Async training across multiple workers
In this scenario, you wish to do asynchronous training across multiple workers with 1+ shared parameter servers.
Note that async training is usually less stable than sync training and for that reason we almost always prefer sync training, but there may be cases where you want to do async distributed training.

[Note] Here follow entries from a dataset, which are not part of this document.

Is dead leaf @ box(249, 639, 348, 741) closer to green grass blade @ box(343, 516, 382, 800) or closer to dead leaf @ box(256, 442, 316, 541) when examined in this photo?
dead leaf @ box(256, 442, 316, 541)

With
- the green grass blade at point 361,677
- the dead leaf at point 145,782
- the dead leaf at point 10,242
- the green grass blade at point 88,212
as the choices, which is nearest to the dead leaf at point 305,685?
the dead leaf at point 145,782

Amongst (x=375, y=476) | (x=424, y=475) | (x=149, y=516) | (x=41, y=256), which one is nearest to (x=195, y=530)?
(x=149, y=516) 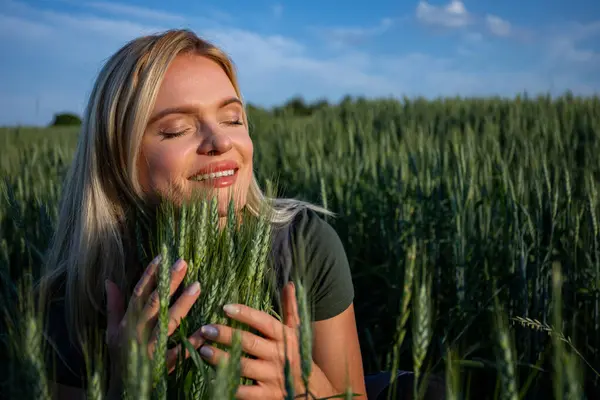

For this example we’ll use 2 workers and 2 parameter servers:
# Worker 1
10.0.0.1:5555
# Worker 2
10.0.0.2:5555
# PS 1
10.0.0.3:5555
# PS 2
10.0.0.4:5555
Next we generate the TF_CONFIG
and command-line-flags for each job.
$ t2t-make-tf-configs --masters='10.0.0.1:5555,10.0.0.2:5555' --ps='10.0.0.3:5555,10.0.0.4:5555'
Assuming ASYNC distributed training with 2 workers and 2 parameter servers
'{"task": {"index": 0, "type": "chief"}, "cluster": {"chief": ["10.0.0.1:5555"], "ps": ["10.0.0.3:5555", "10.0.0.4:5555"], "worker": ["10.0.0.2:5555"]}, "environment": "cloud"}' --master=grpc://10.0.0.1:5555 --ps_replicas=2 --worker_replicas=2 --worker_gpu=1 --worker_id=0 --ps_gpu=0 --schedule=train --worker_job='/job:chief'
'{"task": {"index": 0, "type": "worker"}, "cluster": {"chief": ["10.0.0.1:5555"], "ps": ["10.0.0.3:5555", "10.0.0.4:5555"], "worker": ["10.0.0.2:5555"]}, "environment": "cloud"}' --master=grpc://10.0.0.2:5555 --ps_replicas=2 --worker_replicas=2 --worker_gpu=1 --worker_id=1 --ps_gpu=0 --schedule=train --worker_job='/job:worker'
'{"task": {"index": 0, "type": "ps"}, "cluster": {"chief": ["10.0.0.1:5555"], "ps": ["10.0.0.3:5555", "10.0.0.4:5555"], "worker": ["10.0.0.2:5555"]}, "environment": "cloud"}' --schedule=run_std_server
'{"task": {"index": 1, "type": "ps"}, "cluster": {"chief": ["10.0.0.1:5555"], "ps": ["10.0.0.3:5555", "10.0.0.4:5555"], "worker": ["10.0.0.2:5555"]}, "environment": "cloud"}' --schedule=run_std_server
Here’s how we would start each job on their respective machines (the commands below assume that you’re ssh’d into that job’s machine):
Worker 1:
$ export TF_CONFIG='{"task": {"index": 0, "type": "chief"}, "cluster": {"chief": ["10.0.0.1:5555"], "ps": ["10.0.0.3:5555", "10.0.0.4:5555"], "worker": ["10.0.0.2:5555"]}, "environment": "cloud"}'
$ t2t-trainer \
--master=grpc://10.0.0.1:5555 \
--ps_replicas=2 \
--worker_replicas=2 \
--worker_gpu=1 \
--worker_id=0 \
--ps_gpu=0 \
--schedule=train \
--worker_job='/job:chief' \
--model=transformer \
--hparams_set=transformer_base \
--problem=translate_ende_wmt32k
Worker 2:
$ export TF_CONFIG='{"task": {"index": 0, "type": "worker"}, "cluster": {"chief": ["10.0.0.1:5555"], "ps": ["10.0.0.3:5555", "10.0.0.4:5555"], "worker": ["10.0.0.2:5555"]}, "environment": "cloud"}'
$ t2t-trainer \
--master=grpc://10.0.0.2:5555 \
--ps_replicas=2 \
--worker_replicas=2 \
--worker_gpu=1 \
--worker_id=1 \
--ps_gpu=0 \
--schedule=train \
--worker_job='/job:worker' \
--model=transformer \
--hparams_set=transformer_base \
--problem=translate_ende_wmt32k
PS 1:
$ export TF_CONFIG='{"task": {"index": 0, "type": "ps"}, "cluster": {"chief": ["10.0.0.1:5555"], "ps": ["10.0.0.3:5555", "10.0.0.4:5555"], "worker": ["10.0.0.2:5555"]}, "environment": "cloud"}'
$ t2t-trainer --schedule=run_std_server
PS 2:
$ export TF_CONFIG='{"task": {"index": 1, "type": "ps"}, "cluster": {"chief": ["10.0.0.1:5555"], "ps": ["10.0.0.3:5555", "10.0.0.4:5555"], "worker": ["10.0.0.2:5555"]}, "environment": "cloud"}'
$ t2t-trainer --schedule=run_std_server
Increase --worker_gpu
on each of the workers if you have multiple GPUs. If the parameter servers are also using GPUs, set --ps_gpu
to the number of GPUs on the parameter servers.